Yes, evil liberals are trying to bury the story of the Minnesota shootings, and the evidence is reporting on new developments in the story that appeared in the state's most prominent newspaper.

Why isn't this still the biggest story in America? Because this is America. I have a rule of thumb about this rage-saturated (and gun-saturated) country: We're so desensitized to violence that stories like these drop out of the headlines almost immediately if fewer than five people are killed. At this point, the correct number might be ten. But in this sick country, two dead is nothing.

I'll make an exception for an incident involving the president or a current presidential candidate -- or, because we live in a plutocracy, a prominent CEO. Otherwise, these stories fade fast.

David French, a conservative evangelical, has no problem linking Boelter's ideology to the deeds he's accused of:
Boelter’s roommate identified him as a President Trump-supporting Republican, and Boelter voted in the 2024 Republican primary. And he wasn’t just a Republican. He was also a 1990 graduate of the Dallas-based Christ for the Nations Institute and engaged in missionary activities in the Democratic Republic of Congo, where he delivered exuberant sermons that soon appeared online.

In other words, Boelter wasn’t just a political assassin; he was a Christian assassin — and a person deeply connected to one of America’s most radical religious movements.

Christ for the Nations isn’t a staid, traditional seminary. It opened its doors in 1970. One of its founders was an extremist Pentecostal pastor named James Gordon Lindsay, who was part of a spiritual movement called the New Order of the Latter Rain.

... elements of Latter Rain are now part of a movement called the New Apostolic Reformation, or N.A.R.

... The New Apostolic Reformation — and its close cousin, the independent charismatic movement — houses the most radical Christian Trumpists. Deeply influenced by prophecy, they see Trump as divinely destined to save America from the godless left and its political party, the “demoncrats,” who are doing Satan’s bidding here on earth.
Even if, for some reason, Boelter thought he was acting on behalf of Walz, his target list was unquestionably ideological, as even the reporter covering the story for Alpha News acknowledges.

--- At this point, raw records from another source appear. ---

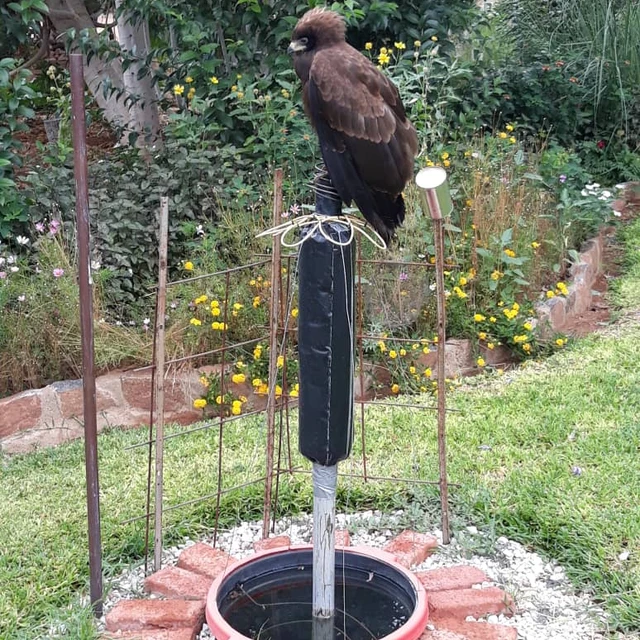 Falcon recharging energies on a Natural Harmony Station 22 as it energises land and garden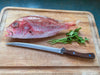 HAND-FORGED FISH FILET KNIFE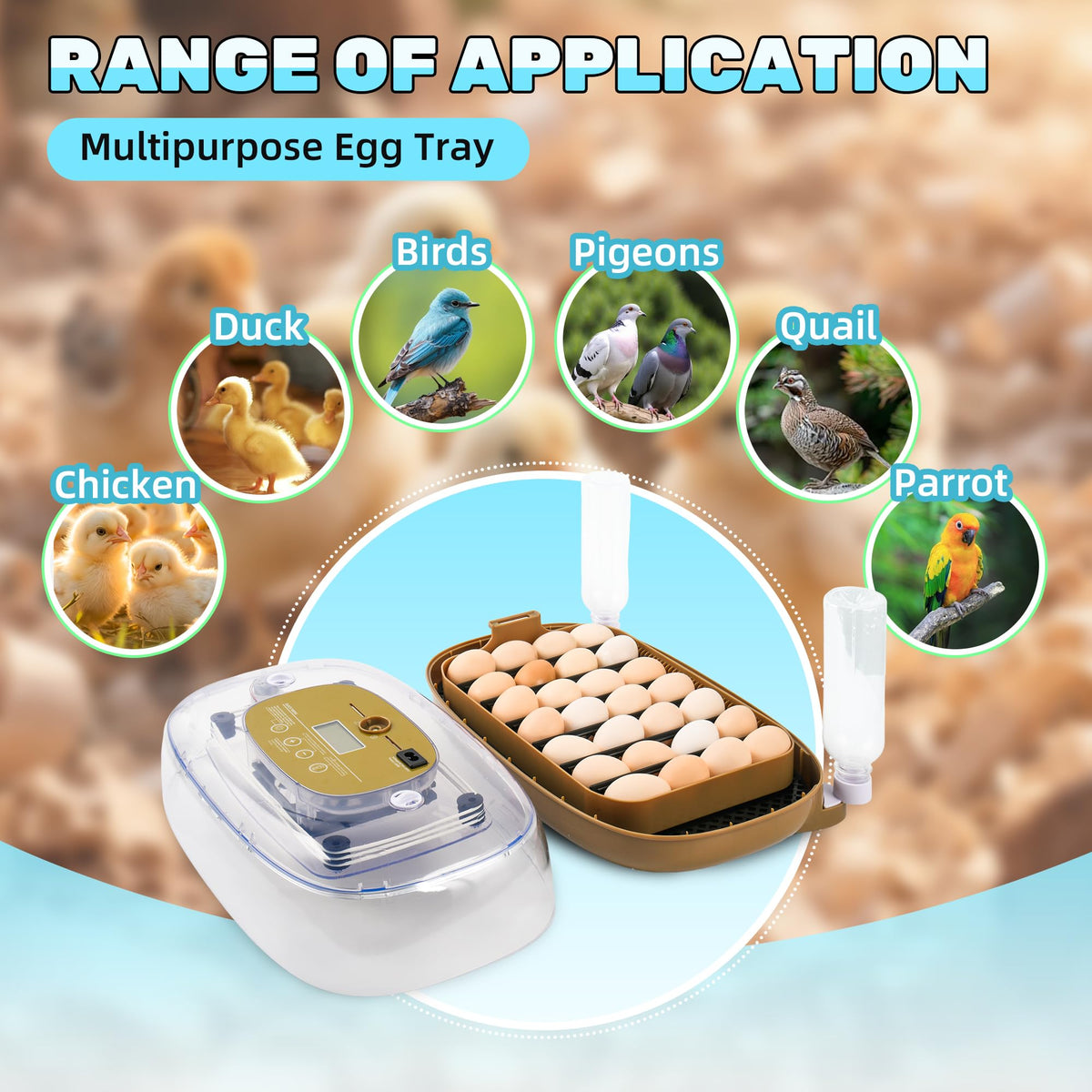 Ploomi incubator lid with humidity display, easy monitoring for stable conditions.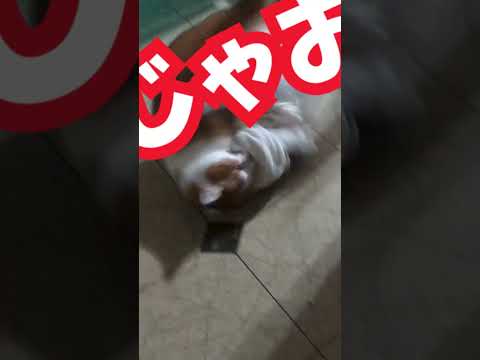 アテレコみたらし #shorts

in 2023, Walz signed a bill enshrining reproductive rights in Minnesota state law. Did Boelter not know that? Did he not pay attention to the pro-choice Kamala Harris/Tim Walz presidential campaign? And if all this was done so Walz could run for Senate, why shoot two state legislators? They weren't impediments to a Walz run. And in any case, Walz has chosen not to run in 2026 for the Minnesota Senate seat that's being vacated by Tina Smith, who's retiring. Why would Walz want to take Klobuchar's seat if he doesn't want Smith's?

I wonder whether this note says what we're being told it says. If the reporting is accurate, I suspect the note was a clumsy attempt to shift blame to yet another Democratic enemy -- and now many of Boelter's fellow right-wingers appear to be persuaded.